When a product is deleted from your database but still exists in your feed, Google encounters a 404 when crawling. Your feed generation must exclude deleted and unpublished products. Implement a product lifecycle that removes items from the feed when they are deactivated in your system.

No Monitoring

Platforms like Shopify send you alerts when products are disapproved. Custom stores have no built-in monitoring. Check Merchant Center's Products > Diagnostics regularly. Consider building automated alerts that notify your team when disapproval rates increase.

Custom Store GMC Compliance Checklist

  1. Choose a feed submission method: Content API (recommended), XML file, or Google Sheets
  2. Implement feed generation covering all required attributes
  3. Schedule feed updates to run after every product data change
  4. Add Product JSON-LD schema to every product page
  5. Add Organization schema to your homepage
  6. Verify SSL across your entire site
  7. Optimize page speed (target LCP under 2.5s on mobile)
  8. Ensure mobile responsiveness on all pages
  9. Implement server-side rendering if using JavaScript frameworks
  10. Create all required policy pages
  11. Link policy pages in your footer navigation
  12. Set canonical URLs on all product pages
  13. Configure shipping and tax in Merchant Center
  14. Test with Google's Rich Results Test and Mobile-Friendly Test
  15. Run a compliance scan to catch remaining issues

For the complete list of requirements, see the Website Requirements Guide. For feed attribute details, see the Feed Errors Guide. If you are considering a platform migration for easier GMC management, the WooCommerce GMC Guide and Magento GMC Guide cover self-hosted options with better built-in support.
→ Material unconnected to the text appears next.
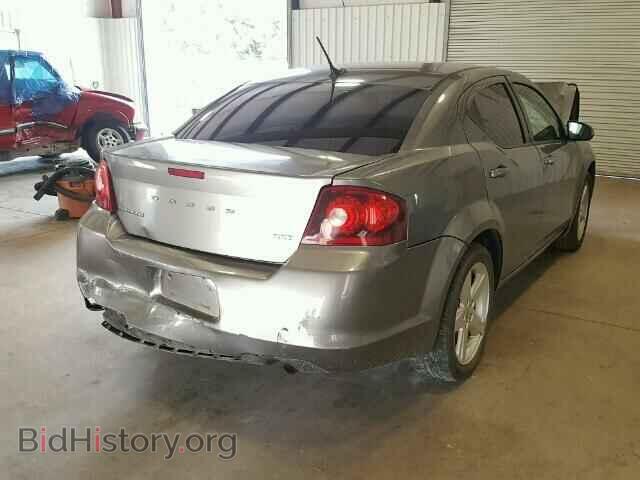 2013 DODGE AVENGER - VIN: 1C3CDZCB8DN660819 - Photo 4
Scan your store now → — Works with custom-built stores, Shopify, WooCommerce, and every other platform.

Frequently Asked Questions

What is the best way to create a Google Shopping feed for a custom-built store?+

The Google Content API for Shopping is the best option for custom stores with active development teams. It pushes product data to Merchant Center in real time via REST API calls, eliminating synchronization lag. For simpler setups, generate an XML or TSV feed file from your database via a cron job and host it at a URL for Merchant Center to fetch on a schedule.
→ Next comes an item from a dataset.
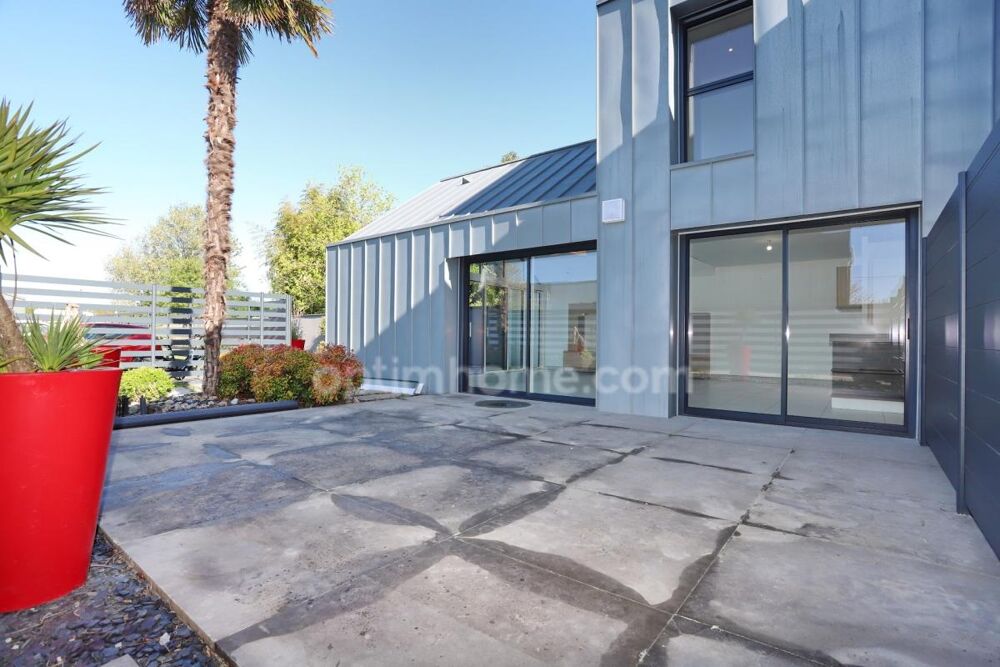 Maison contemporaine 146 m², 4 chambres, Chantepie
Do I need structured data markup on a custom e-commerce store?+

Yes. Google uses Product schema markup (JSON-LD) to verify your feed data against your website. Since custom stores have no platform generating schema automatically, you must implement it in your product page templates. Include name, image, description, SKU, brand, GTIN, and an offers block with price, currency, and availability. Validate with Google's Rich Results Test.
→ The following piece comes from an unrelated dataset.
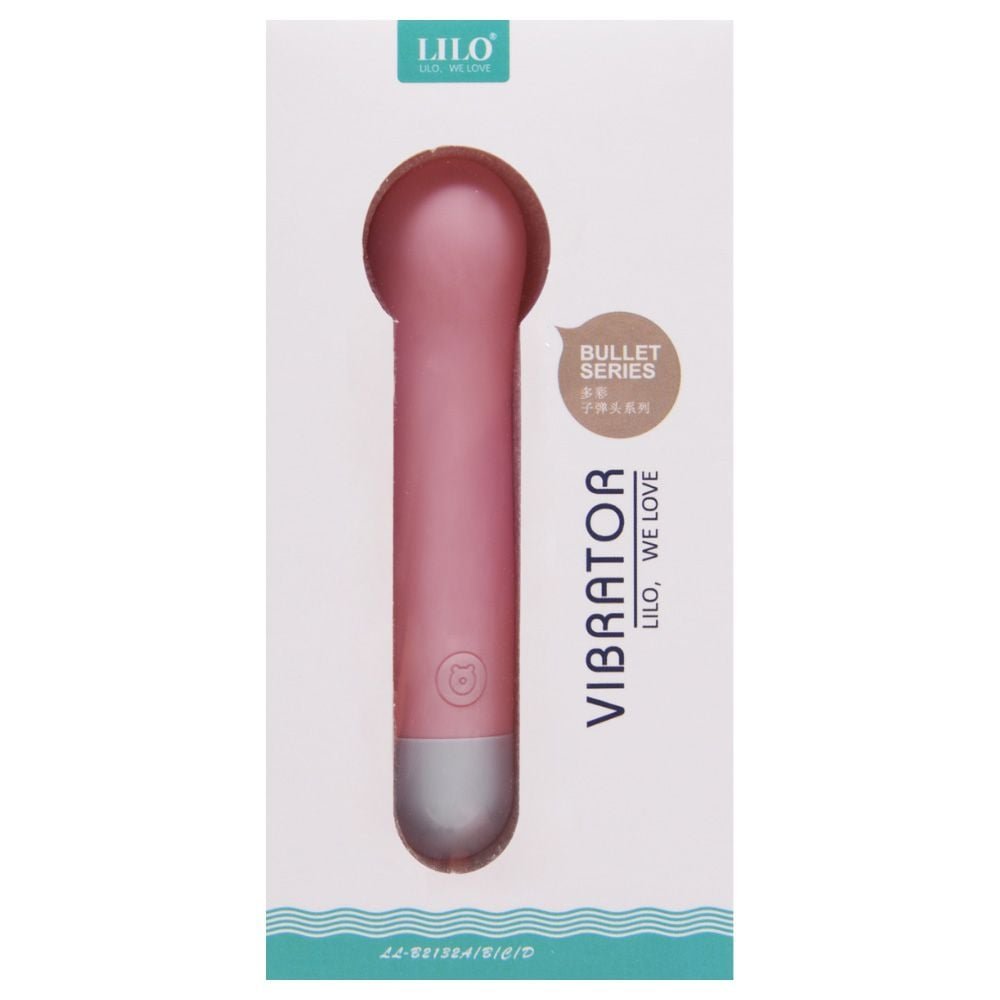 Mini Vibrador Recarregável 10 Vibrações Monster Vipmix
What technical requirements does Google have for e-commerce websites?+

Google requires HTTPS across your entire site, fast page load times (target LCP under 2.5 seconds on mobile), mobile-responsive design, and crawlable pages that do not require JavaScript to render critical product data. Your server must handle Google's crawl rate without errors, and product pages must return 200 status codes with accurate, current product information.

How do I prevent feed-to-page price mismatches on a custom store?+

Ensure your feed generation code and your frontend rendering code apply identical transformations to product prices — same tax logic, same currency formatting, same sale price calculations. Run your feed generation after every price update. Use the Content API for real-time updates, or schedule XML feed generation to run frequently. Monitor Merchant Center diagnostics for mismatch alerts.

Does my custom store need server-side rendering for Google Shopping?+

If your store uses a client-side JavaScript framework (React, Vue, Angular) without server-side rendering, Google's crawler may not see your product data reliably. Implement server-side rendering or pre-rendering for product pages so that price, availability, and product details are in the initial HTML response. This ensures Google can verify your feed data against your live pages.